2. OPN load – GS’s email about OPN load
GS sent round some plots (attached) in his Tier-1 Manager’s Report and summarised the OPN load here. First half of month the link was saturated and ATLAS submitted a ticket requesting a fix. Traffic settled down after the 28th. Discussions with networking staff at RAL and CERN on the option to put both links in use; this was thought to be simple (this is already used by some Tier1s). Concerns raised include – different routing of links may result in issues with transit times (unlikely) and whether increased loading on Castor may adversely affect performance. The change was made Thursday morning. Testing confirmed this worked well. Since then we are going up to maximum capacity for periods then recovering so all appears to be working effectively. There is a separate issue concerning some packet loss which will continue to be tracked. It was agreed to assess trends over the next couple of months and discuss with experiments their expectations. The plot figures show average usage figures at the bottom and another metric to consider is looking at the averages on weekly basis. The single link seems to have handled operating well up to this point, which suggests we now have headroom but we should consider the next step – unless the costs are prohibitive. AS confirmed DK and Philip have acquired costings and he will circulate for discussion. Costs have decreased to those projected for GridPP5. This should be further discussed at F2F in Ambleside. GS confirmed that breaks have been infrequent and in the current configuration where we use both links we should be in a position to catch up quickly if one link goes down for a short while. For disaster planning we should determine timescales to implement an increase in bandwith in the event of a long outage.

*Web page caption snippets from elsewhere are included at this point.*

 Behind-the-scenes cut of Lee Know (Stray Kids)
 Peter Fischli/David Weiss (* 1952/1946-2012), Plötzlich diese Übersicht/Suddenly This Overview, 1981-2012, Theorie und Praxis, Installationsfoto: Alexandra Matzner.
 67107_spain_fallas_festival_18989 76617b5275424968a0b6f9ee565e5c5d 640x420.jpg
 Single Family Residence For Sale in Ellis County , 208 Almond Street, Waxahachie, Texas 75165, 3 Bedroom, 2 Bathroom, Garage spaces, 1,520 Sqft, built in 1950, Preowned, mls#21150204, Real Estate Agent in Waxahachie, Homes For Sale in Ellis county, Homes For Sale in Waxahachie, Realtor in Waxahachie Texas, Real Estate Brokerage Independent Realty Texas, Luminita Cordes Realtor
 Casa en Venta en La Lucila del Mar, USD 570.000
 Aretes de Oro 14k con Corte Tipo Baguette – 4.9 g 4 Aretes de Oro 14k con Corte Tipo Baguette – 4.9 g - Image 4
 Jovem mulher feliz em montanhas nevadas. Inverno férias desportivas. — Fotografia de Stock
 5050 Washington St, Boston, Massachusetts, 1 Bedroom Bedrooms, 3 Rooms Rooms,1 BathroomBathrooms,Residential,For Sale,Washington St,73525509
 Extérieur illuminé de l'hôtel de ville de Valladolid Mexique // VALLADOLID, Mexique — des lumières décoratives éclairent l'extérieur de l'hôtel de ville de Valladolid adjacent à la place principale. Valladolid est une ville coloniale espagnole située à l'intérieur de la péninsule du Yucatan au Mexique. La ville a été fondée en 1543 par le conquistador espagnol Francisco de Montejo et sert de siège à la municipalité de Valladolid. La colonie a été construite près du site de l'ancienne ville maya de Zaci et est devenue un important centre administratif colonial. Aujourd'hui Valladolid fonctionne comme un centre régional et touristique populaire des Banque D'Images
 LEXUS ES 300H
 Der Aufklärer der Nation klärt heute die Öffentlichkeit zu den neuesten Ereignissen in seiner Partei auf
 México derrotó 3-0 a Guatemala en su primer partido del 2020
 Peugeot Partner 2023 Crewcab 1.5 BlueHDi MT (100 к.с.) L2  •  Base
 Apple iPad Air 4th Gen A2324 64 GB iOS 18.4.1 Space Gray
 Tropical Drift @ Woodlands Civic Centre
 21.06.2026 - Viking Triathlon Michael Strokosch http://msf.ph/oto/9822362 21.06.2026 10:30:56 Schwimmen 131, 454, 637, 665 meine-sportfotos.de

ACTION 603.2: DK will circulate costings for single links to determine which options would be affordable.

ACTION 603.3: PG will include an item on F2F agenda for costs so that decisions can be made on the best way forward for OPN load.

3. Quarterly Reports
Some quarterly reports have not yet been submitted, PG has sent out reminders this morning to those concerned.

4. GridPP37 Agenda
The agenda page is now set up on Indico. PG advised some slots are now confirmed:

First session – DB
Second session – Portal and accounting and Benchmarking. Alessandra cannot now attend so this may be scaled back to a 15-20 minute overview to advise what each task-force is undertaking, an overview on the machines and why they are useful. Aim as a sales pitch to encourage involvement and revisit at the next GridPP meeting in spring when there will be more involvement by UK sites. Ian Collier could talk as a high level WLCG perspective and AM could pick up on the UK side (PG will invite Ian Collier). Following on Apel publishing and how the information feeds in as well as scaling – Adrian Coveney is confirmed and George Ryall will speak to provide an understanding of the CRIC elements and CRIC-light interface which will be a long-term thing. AM can provide a site perspective. Other WLCG workshop – David Crooks could deliver a talk on the work he is undertaking which differs from other taskforces – i.e. a contribution from the security team.

Thursday Morning
JC is suggested in a technical talk – with Sam Skipsey and Brian discussing storage. We urgently need to invite these individuals to give talks. Also, Marcus from Edinburgh on NFS, he is speaking on that topic at CHEP there may be an overlap. If he is speaking he should have clear guidance on what to cover – JC will invite speakers for session 3.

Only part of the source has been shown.